Today’s Selection Of Opinions And Editorials
Health Care Reform The Salt Lake Tribune
In the best of circumstances, financial forecasting is an inexact science, and when a complex piece of federal legislation has as many interlocking parts and assumptions as this one does, it's impossible. We realize that this bill is something of a leap of faith. Still, we believe it is a leap worth taking, despite the added costs it will impose on businesses and individuals (11/2).
Medical Tourism: Outsourcing Your Health Los Angeles Times
If the reforms being decided in Washington don't clearly reduce costs for healthcare and insurance -- and right now they're headed in the wrong direction -- American workers may find themselves facing "incentives" for overseas surgery that border on coercion (Judy Dugan, 11/3).
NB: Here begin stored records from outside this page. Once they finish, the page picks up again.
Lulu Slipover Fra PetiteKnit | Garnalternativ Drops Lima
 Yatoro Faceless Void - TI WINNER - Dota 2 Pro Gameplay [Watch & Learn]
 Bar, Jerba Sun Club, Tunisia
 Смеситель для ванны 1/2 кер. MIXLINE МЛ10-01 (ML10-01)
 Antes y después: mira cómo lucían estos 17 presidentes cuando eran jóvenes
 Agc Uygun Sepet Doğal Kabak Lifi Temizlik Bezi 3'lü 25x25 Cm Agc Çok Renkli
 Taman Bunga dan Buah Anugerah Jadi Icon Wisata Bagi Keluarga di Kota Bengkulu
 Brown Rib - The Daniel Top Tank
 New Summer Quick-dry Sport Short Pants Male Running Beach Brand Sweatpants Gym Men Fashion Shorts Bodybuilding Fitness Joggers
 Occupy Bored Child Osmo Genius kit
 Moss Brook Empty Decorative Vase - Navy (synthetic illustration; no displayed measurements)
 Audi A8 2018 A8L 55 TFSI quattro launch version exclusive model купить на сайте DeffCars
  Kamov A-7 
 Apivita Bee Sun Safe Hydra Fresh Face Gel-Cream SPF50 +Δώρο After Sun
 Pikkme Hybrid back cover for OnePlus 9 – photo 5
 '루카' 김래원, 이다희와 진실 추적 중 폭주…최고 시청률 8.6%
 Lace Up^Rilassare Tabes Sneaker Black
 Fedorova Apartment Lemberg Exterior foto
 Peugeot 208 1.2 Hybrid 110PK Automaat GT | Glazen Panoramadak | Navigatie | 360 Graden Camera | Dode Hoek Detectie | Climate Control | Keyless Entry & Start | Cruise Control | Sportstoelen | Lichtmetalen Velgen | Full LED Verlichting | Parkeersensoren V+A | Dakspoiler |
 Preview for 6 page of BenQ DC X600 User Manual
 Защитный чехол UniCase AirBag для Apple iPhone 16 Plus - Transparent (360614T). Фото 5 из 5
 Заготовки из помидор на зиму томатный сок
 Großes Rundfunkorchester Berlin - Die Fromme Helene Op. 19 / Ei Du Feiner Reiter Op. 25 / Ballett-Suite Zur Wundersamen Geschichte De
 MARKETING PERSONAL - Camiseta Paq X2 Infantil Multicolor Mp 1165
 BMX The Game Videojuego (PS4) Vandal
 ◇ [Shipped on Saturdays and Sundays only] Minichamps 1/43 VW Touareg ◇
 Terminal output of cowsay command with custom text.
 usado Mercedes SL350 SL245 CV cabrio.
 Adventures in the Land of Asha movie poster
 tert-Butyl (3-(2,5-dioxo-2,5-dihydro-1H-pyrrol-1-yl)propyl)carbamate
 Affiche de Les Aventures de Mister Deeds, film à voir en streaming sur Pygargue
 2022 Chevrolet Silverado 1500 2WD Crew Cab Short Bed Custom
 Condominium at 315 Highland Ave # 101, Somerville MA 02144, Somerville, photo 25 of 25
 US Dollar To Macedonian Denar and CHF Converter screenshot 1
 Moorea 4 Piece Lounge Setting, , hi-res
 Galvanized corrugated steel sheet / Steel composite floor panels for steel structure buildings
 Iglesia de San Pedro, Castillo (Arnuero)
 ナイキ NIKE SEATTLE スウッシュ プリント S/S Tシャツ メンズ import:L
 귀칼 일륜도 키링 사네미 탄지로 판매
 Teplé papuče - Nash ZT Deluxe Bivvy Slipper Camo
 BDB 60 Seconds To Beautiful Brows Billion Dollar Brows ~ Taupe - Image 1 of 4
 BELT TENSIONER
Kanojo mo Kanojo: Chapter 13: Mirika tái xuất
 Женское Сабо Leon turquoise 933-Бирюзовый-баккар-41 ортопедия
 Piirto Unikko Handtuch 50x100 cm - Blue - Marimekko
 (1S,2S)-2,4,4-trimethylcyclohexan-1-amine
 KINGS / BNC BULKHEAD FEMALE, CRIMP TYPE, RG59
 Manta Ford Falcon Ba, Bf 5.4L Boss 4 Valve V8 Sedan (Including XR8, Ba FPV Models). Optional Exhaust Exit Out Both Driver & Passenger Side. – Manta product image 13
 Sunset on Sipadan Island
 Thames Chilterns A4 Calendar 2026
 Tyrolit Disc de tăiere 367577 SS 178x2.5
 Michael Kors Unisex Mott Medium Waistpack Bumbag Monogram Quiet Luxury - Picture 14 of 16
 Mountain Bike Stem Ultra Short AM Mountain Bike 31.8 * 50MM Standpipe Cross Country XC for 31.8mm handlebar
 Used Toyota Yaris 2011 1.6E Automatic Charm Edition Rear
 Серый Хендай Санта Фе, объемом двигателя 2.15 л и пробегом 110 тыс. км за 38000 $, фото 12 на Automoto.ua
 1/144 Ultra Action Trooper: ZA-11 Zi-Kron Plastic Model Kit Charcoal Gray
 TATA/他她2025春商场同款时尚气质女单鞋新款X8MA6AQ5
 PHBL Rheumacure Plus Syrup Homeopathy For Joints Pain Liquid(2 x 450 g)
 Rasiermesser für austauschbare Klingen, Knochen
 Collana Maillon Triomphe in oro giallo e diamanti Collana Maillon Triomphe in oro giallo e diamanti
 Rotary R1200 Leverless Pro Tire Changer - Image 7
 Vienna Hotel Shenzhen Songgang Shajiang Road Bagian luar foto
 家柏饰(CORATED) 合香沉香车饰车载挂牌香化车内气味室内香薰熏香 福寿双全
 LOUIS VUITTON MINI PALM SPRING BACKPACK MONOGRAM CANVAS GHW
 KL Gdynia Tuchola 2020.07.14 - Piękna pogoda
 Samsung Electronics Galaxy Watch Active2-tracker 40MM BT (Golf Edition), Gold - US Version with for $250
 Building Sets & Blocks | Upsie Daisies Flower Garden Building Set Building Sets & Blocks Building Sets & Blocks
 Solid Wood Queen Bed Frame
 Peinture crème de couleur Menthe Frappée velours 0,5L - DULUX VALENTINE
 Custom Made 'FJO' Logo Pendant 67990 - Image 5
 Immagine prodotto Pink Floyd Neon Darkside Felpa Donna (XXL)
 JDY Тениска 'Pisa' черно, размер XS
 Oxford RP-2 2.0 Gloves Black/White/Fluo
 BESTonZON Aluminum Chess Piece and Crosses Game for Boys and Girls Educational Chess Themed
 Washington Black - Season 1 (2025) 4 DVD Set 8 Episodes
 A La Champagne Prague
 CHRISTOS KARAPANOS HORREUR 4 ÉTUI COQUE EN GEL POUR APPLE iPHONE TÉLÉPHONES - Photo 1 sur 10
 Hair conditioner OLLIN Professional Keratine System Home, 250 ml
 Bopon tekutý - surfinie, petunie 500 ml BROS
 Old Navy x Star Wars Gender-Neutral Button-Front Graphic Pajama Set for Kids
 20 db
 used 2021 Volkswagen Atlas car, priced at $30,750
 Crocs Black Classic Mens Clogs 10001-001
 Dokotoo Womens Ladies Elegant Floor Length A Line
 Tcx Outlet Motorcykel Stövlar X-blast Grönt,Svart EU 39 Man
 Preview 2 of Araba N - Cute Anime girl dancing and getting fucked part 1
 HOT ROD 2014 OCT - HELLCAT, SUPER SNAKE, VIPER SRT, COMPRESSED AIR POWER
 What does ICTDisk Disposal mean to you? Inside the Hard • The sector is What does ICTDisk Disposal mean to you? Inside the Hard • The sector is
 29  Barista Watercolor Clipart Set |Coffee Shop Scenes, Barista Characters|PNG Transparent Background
Real Reform Of Health Care Is Essential For People Of Color Des Moines Register
For people of color, life is shorter, chronic illness more prevalent and disability more common. These are side effects of a health-care system that provides these communities with narrower opportunities for regular health services, fewer treatment options and lower-quality care (Benjamin Todd Jealous, 11/3).
Major Congressional Reforms Demand Bipartisan Support The Wall Street Journal
For decades, a rule of thumb in Washington has said that there should be popular support and a bipartisan majority before approving an initiative that significantly affects tens of millions of Americans. Health-care reform-ObamaCare-has neither, yet Democrats want to impose it anyway. If they succeed, the consequences could be devastating for the country and probably for the president and his party (Fred Barnes, 11/2).
Changing the Doctor Payment Scheme Forbes
Medicare is so enmeshed in the practice of medicine that it seems the only way to get a handle on costs is for the agency to ensconce itself still further. But if legislators were designing Medicare today, there's a lot we would do differently, and still can (Scott Gottlieb, 11/3).
Time To Stop All The Bickering And Deliver For Americans Miami Herald
We need to focus on what is most important in this debate. We can all agree on healthcare delivery reforms that will make our system much more cost-effective, on health insurance market reforms that will make insurance more affordable and more accessible for millions of Americans; and on reaching out to the millions of Americans who qualify for existing government programs such as Medicaid yet are not enrolled (Sen. Joe Lieberman, 11/3).